La revelación de la Ciudad del Cabo y de la Llanura del Norte, con su fondo de montañas difuminadas por el vaho de los plantíos de cañas de azúcar, encantó a Paulina, que había leído los amores de Pablo y Virginia y conocía una linda cortradanza criolla, de ritmo extraño, publicada en París en la calle del Salmón, bajo el título de La Insular. Sintiéndose algo ave del paraíso, algo pájaro lira, bajo sus faldas de muselina, descubría la finura de helechos nuevos, la parda jugosidad de los nísperos, el tamaño de hojas que podían doblarse como abanicos. En las noches, Leclerc le hablaba, con el ceño fruncido, de sublevaciones de esclavos, de dificultades con los colonos monárquicos, de amenazas de toda índole. Previendo peligros mayores, había mandado comprar una casa en la Isla de la Tortuga. Pero Paulina no le prestaba mucha atención. Seguía enterneciéndose con Un negro como hay pocos blancos, la lacrimosa novela de Joseph Lavalée, y gozando despreocupadamente de aquel lujo, de aquella abundancia que nunca había conocido en su niñez, demasiado llena de higos secos, de quesos de cabra, de aceitunas rancias. Vivía no lejos de la Parroquial Mayor en una vasta casa de cantería blanca, rodeada de umbroso jardín. Al amparo de los tamarindos, había hecho cavar una piscina revestida de mosaico azul, en la que se bañaba desnuda. Al principio se hacía dar masajes por sus cameristas francesas; pero pensó un día que la mano de un hombre sería más vigorosa y ancha, y se aseguró los servicios de Solimán, antiguo camarero de una casa de baño, quien, además de cuidar de su cuerpo, la frotaba con cremas de almendra, la depilaba y le pulía las uñas de los pies. Cuando se hacía bañar por él, Paulina sentía un placer maligno en rozar, dentro del agua de la piscina, los duros flancos de aquel servidor a quien sabía eternamente atormentado por el deseo, y que la miraba siempre de soslayo, con una falsa mansedumbre de perro muy ardido por la tralla. Solía pegarle con una rama verde, sin hacerle daño, riendo de sus visajes de fingido dolor. A la verdad, le estaba agradecida por la enamorada solicitud que ponía en todo lo que fuera atención a su belleza. Por eso permitía a veces que el negro, en recompensa de un encargo prestamente cumplido o de una comunión bien hecha, le besara las piernas, de rodillas en el suelo, con gesto que Bernardino de Saint–Pierre hubiera interpretado como símbolo de la noble gratitud de un alma sencilla ante los generosos empeños de la ilustración.

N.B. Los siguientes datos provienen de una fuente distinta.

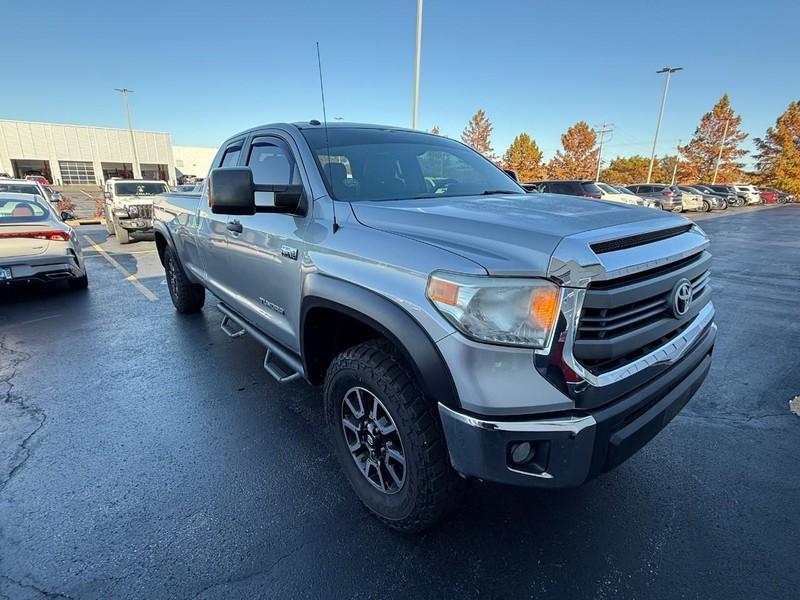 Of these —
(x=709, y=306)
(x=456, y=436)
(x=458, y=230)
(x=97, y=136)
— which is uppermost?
(x=97, y=136)

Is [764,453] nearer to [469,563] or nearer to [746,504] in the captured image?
[746,504]

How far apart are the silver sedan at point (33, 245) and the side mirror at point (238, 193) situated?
17.5 ft

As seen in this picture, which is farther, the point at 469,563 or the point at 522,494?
the point at 522,494

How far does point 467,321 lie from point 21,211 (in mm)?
7674

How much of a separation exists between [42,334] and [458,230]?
558 cm

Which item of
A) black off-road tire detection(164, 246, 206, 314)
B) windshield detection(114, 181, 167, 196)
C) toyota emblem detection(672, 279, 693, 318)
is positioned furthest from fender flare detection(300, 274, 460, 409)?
windshield detection(114, 181, 167, 196)

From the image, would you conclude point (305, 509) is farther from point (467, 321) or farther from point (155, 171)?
point (155, 171)

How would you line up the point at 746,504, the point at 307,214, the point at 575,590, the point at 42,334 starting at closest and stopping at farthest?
the point at 575,590, the point at 746,504, the point at 307,214, the point at 42,334

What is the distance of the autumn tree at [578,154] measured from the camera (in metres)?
53.8

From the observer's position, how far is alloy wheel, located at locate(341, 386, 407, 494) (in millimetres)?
2062

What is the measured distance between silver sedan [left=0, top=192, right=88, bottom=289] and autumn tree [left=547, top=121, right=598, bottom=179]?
56.9 m

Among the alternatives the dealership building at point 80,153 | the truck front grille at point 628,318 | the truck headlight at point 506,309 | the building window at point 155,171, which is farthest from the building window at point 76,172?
the truck front grille at point 628,318

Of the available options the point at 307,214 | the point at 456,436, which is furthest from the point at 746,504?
the point at 307,214

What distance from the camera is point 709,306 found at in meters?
2.51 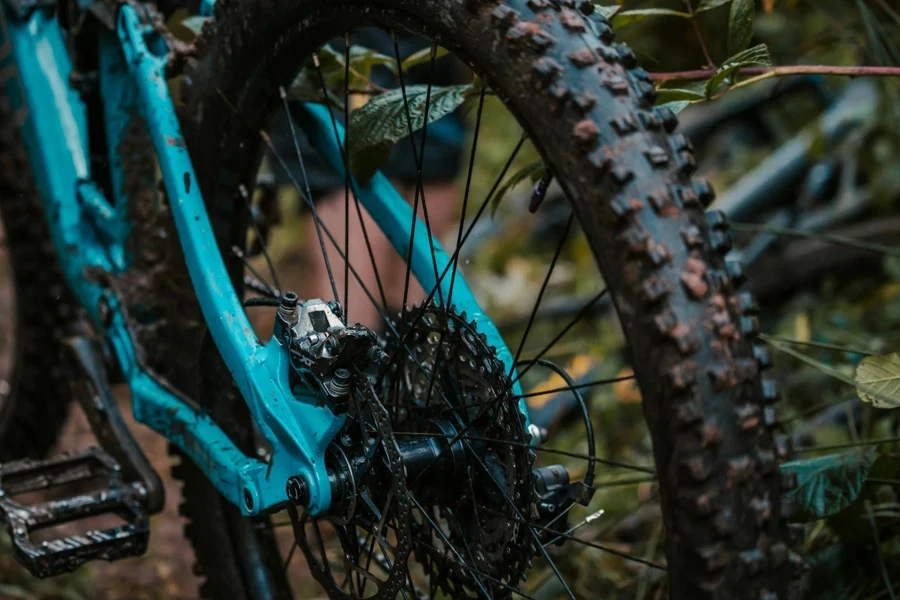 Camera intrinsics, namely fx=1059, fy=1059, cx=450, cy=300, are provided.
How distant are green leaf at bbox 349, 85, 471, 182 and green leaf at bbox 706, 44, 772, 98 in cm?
32

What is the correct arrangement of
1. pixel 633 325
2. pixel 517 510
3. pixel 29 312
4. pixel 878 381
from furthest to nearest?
pixel 29 312 < pixel 878 381 < pixel 517 510 < pixel 633 325

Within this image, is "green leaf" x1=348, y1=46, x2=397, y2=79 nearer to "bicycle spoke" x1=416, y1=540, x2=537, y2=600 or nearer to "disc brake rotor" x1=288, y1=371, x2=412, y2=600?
"disc brake rotor" x1=288, y1=371, x2=412, y2=600

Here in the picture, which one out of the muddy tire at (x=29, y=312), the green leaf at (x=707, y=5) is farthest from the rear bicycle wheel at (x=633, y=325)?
the muddy tire at (x=29, y=312)

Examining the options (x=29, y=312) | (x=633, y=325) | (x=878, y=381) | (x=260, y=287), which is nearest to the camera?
(x=633, y=325)

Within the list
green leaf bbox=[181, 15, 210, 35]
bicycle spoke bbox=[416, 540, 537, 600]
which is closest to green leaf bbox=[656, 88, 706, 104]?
bicycle spoke bbox=[416, 540, 537, 600]

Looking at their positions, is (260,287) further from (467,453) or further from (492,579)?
(492,579)

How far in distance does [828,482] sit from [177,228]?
35.7 inches

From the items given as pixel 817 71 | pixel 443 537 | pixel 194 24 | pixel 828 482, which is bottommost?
pixel 828 482

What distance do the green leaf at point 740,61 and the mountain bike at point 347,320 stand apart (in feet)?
0.75

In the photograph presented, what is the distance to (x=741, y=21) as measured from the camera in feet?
4.22

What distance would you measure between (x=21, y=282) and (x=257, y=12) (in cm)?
110

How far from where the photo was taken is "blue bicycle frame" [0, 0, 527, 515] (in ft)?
3.92

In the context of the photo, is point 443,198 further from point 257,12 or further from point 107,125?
point 257,12


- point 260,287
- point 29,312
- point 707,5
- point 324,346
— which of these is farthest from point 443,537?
point 29,312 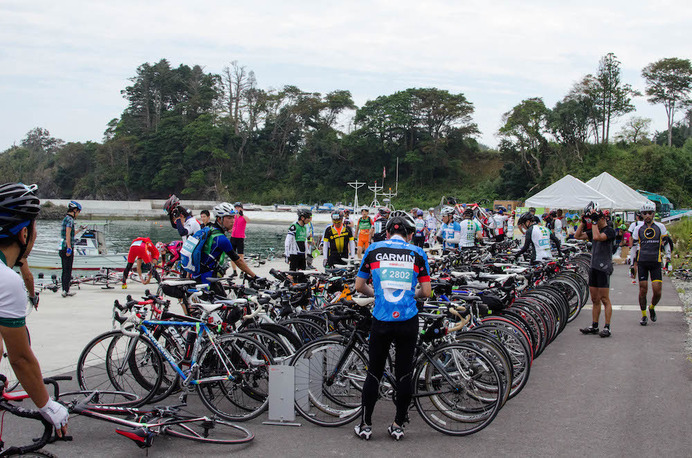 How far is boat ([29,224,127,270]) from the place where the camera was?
61.8 feet

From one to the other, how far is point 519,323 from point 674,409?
1.58 meters

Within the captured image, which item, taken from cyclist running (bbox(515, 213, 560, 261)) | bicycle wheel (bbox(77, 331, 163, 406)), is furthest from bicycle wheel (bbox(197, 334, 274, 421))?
cyclist running (bbox(515, 213, 560, 261))

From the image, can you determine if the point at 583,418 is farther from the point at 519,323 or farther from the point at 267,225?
the point at 267,225

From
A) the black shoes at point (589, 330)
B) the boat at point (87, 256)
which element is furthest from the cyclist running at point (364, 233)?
the boat at point (87, 256)

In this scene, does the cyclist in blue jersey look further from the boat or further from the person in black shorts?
the boat

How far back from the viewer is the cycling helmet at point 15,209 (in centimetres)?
295

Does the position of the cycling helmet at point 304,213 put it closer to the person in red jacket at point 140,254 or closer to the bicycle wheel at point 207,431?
the person in red jacket at point 140,254

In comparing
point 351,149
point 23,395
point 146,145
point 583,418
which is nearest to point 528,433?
point 583,418

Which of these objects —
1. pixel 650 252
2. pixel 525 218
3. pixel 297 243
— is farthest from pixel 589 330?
pixel 297 243

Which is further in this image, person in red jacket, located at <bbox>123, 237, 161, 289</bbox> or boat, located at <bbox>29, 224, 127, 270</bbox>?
boat, located at <bbox>29, 224, 127, 270</bbox>

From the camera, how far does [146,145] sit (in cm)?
8925

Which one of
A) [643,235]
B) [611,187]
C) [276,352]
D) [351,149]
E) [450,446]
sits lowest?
[450,446]

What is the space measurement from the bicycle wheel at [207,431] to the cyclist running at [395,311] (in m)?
0.96

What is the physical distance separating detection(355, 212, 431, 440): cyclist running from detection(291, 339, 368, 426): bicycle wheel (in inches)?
14.2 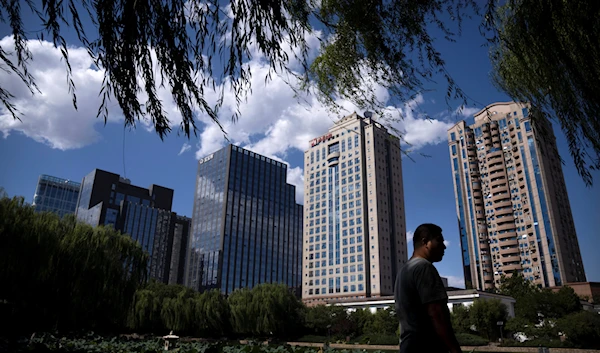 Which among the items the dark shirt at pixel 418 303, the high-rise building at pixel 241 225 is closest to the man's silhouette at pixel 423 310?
the dark shirt at pixel 418 303

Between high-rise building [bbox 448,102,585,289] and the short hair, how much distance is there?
57.6 meters

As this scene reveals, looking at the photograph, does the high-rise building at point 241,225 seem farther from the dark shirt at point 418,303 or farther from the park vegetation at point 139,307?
the dark shirt at point 418,303

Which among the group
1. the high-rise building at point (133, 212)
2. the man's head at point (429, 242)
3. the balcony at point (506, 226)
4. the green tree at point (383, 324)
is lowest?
the green tree at point (383, 324)

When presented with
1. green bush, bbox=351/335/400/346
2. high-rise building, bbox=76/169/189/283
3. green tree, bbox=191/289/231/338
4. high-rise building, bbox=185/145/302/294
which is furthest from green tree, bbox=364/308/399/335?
high-rise building, bbox=76/169/189/283

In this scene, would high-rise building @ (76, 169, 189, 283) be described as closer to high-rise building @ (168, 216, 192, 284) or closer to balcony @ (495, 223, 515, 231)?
high-rise building @ (168, 216, 192, 284)

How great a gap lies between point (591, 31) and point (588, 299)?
57258mm

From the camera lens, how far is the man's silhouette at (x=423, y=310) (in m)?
2.09

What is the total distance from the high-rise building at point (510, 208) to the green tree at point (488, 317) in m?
23.5

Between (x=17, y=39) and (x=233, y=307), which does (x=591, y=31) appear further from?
(x=233, y=307)

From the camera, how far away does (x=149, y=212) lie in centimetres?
9719

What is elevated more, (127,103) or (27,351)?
(127,103)

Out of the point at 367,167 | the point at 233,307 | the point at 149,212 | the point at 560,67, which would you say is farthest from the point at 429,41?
the point at 149,212

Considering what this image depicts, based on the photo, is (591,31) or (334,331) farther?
(334,331)

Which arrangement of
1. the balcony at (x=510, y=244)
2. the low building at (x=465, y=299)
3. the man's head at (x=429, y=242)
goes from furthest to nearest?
1. the balcony at (x=510, y=244)
2. the low building at (x=465, y=299)
3. the man's head at (x=429, y=242) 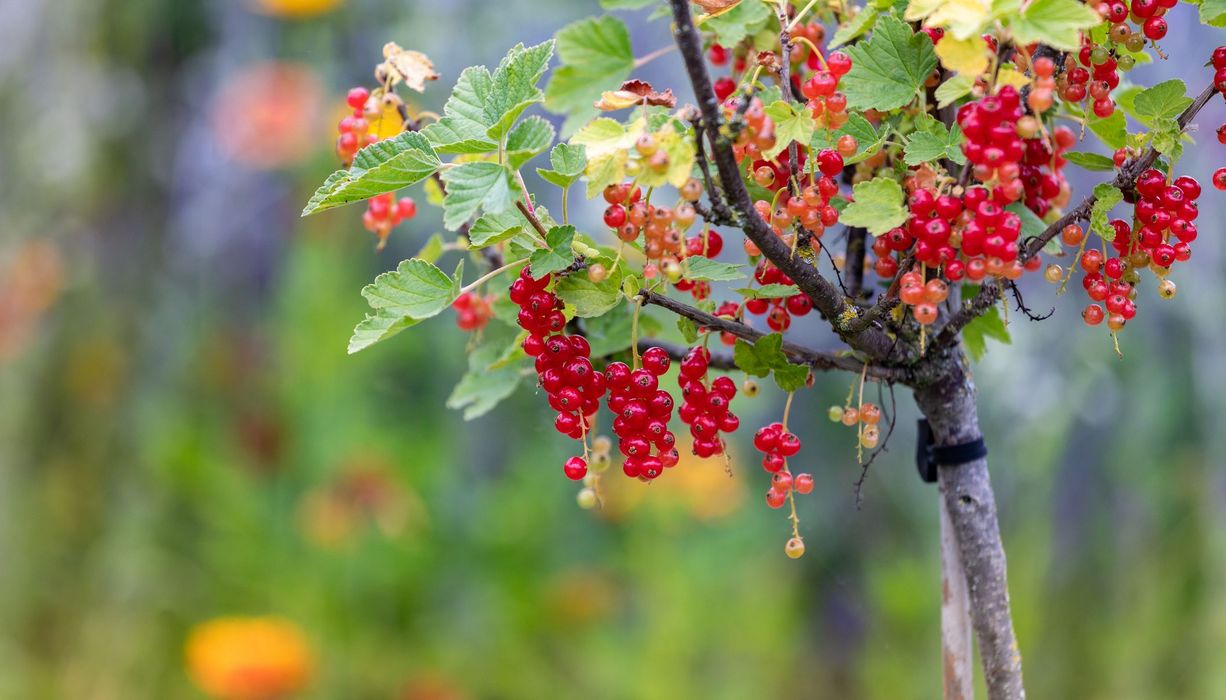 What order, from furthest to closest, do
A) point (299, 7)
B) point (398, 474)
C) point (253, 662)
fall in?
point (299, 7) → point (398, 474) → point (253, 662)

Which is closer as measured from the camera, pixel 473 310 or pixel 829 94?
pixel 829 94

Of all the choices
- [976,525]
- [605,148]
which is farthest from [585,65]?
[976,525]

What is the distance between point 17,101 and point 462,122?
1405mm

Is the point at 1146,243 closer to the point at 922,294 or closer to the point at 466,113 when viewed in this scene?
the point at 922,294

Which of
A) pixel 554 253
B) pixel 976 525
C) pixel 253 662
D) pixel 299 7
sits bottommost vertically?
pixel 253 662

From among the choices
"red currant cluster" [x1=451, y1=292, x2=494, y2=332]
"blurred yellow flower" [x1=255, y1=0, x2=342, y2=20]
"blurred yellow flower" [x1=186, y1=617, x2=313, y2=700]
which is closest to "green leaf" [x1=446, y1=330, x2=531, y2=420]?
"red currant cluster" [x1=451, y1=292, x2=494, y2=332]

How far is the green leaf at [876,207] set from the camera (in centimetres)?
31

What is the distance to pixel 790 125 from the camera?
1.00ft

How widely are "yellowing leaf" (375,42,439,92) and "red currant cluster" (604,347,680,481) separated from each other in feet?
0.42

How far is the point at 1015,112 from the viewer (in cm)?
28

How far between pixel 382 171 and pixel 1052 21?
18 centimetres

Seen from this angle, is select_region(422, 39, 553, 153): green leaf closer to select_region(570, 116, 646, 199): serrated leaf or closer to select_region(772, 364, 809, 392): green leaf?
select_region(570, 116, 646, 199): serrated leaf

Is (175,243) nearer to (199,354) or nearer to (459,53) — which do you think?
(199,354)

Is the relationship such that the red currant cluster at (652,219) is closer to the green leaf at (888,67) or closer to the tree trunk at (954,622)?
the green leaf at (888,67) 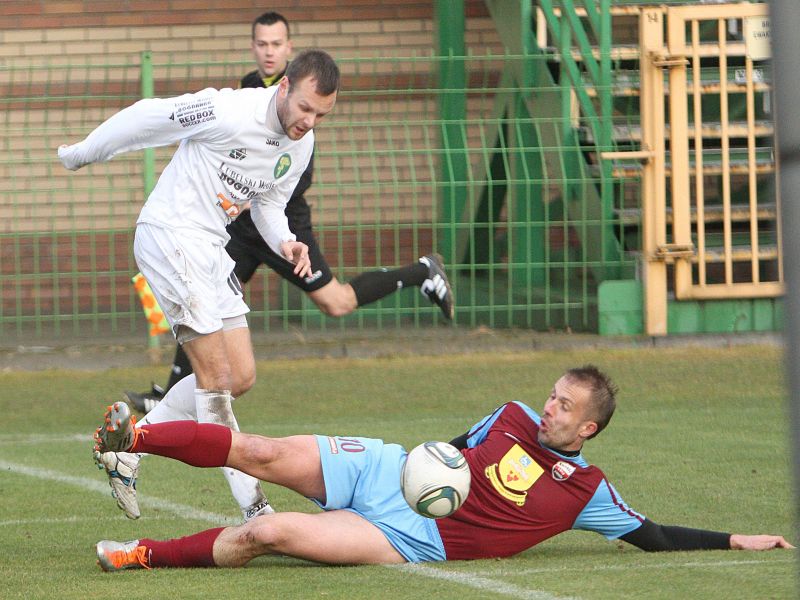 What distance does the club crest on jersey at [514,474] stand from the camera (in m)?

Y así iba pasando el tiempo, entre siestas y desperezos, creyéndose un poco Virginia, un poco Atala, a pesar de que a veces, cuando Leclerc andaba por el sur, se solazara con el ardor juvenil de algún guapo oficial. Pero una tarde, el peluquero francés que la peinaba con ayuda de cuatro operarios negros, se desplomó en su presencia, vomitando una sangre hedionda a medio coagular. Con su corpiño moteado de plata, un horroroso aguafiestas había comenzado a zumbar en el ensueño tropical de Paulina Bonaparte.